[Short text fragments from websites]
========================================

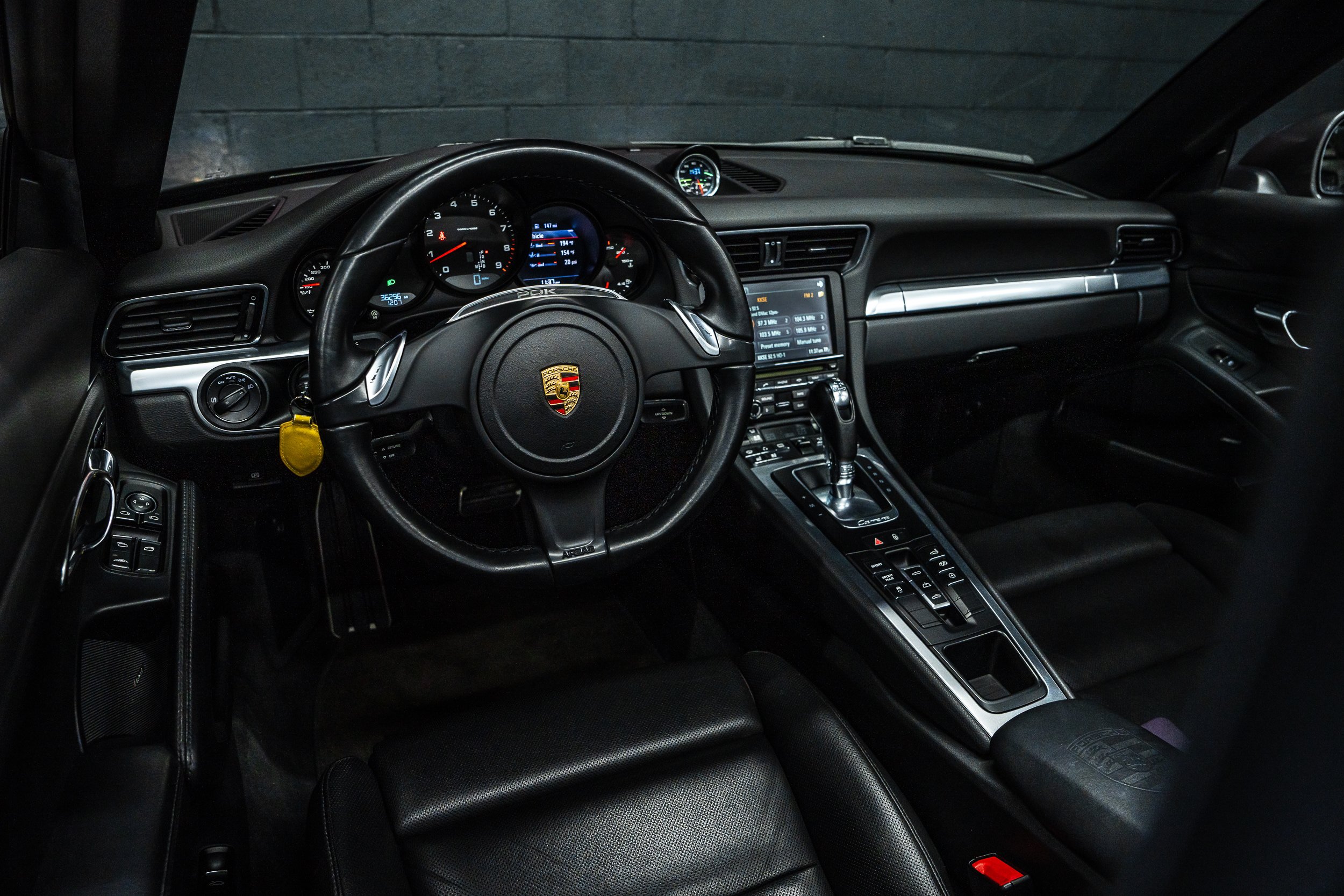 Used 2013 Porsche 911 Carrera RWD image 5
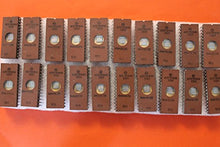 Load image into Gallery viewer, S.U.R. &amp; R Tools IC/Microchip USSR KS573RF4A Analogue 2764 Lot of 1 pcs
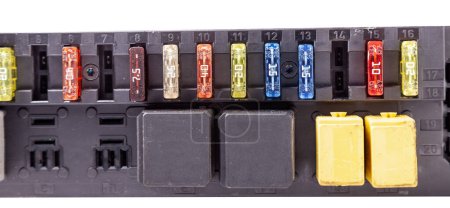 Automotive Sicherungen Box in verschiedenen Farben und jede Farbe ist für den spezifischen Wert des Schutzes in Ampere definiert verantwortlich. Ersatzteilkatalog.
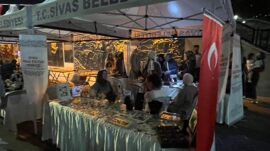 ÜRETEN KADINLAR “KARANLIKTA  KALDI”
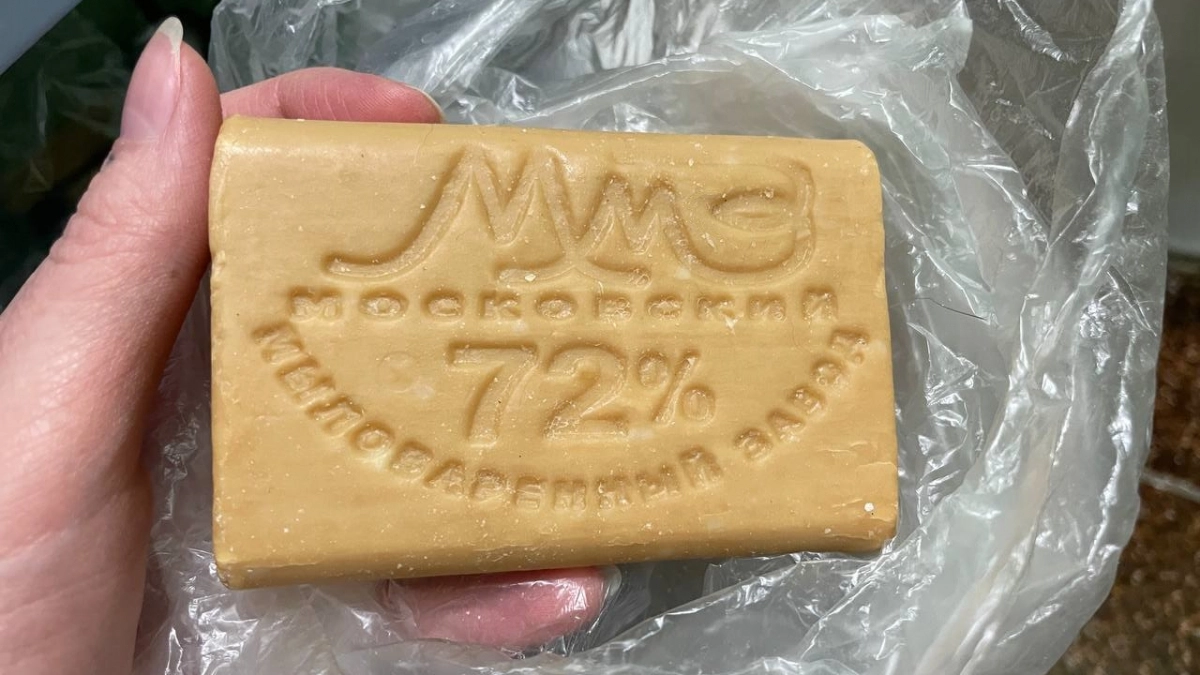 Смешиваем мыло с марганцовкой — и все проблемы решены: гениальный лайфхак опытных хозяек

========================================

> Work request
Restate the entries verbatim and exclude any pictures.

> Finished task
 Used 2013 Porsche 911 Carrera RWD image 5
 Load image into Gallery viewer, S.U.R. &amp; R Tools IC/Microchip USSR KS573RF4A Analogue 2764 Lot of 1 pcs
 Automotive Sicherungen Box in verschiedenen Farben und jede Farbe ist für den spezifischen Wert des Schutzes in Ampere definiert verantwortlich. Ersatzteilkatalog.
 ÜRETEN KADINLAR “KARANLIKTA  KALDI”
 Смешиваем мыло с марганцовкой — и все проблемы решены: гениальный лайфхак опытных хозяек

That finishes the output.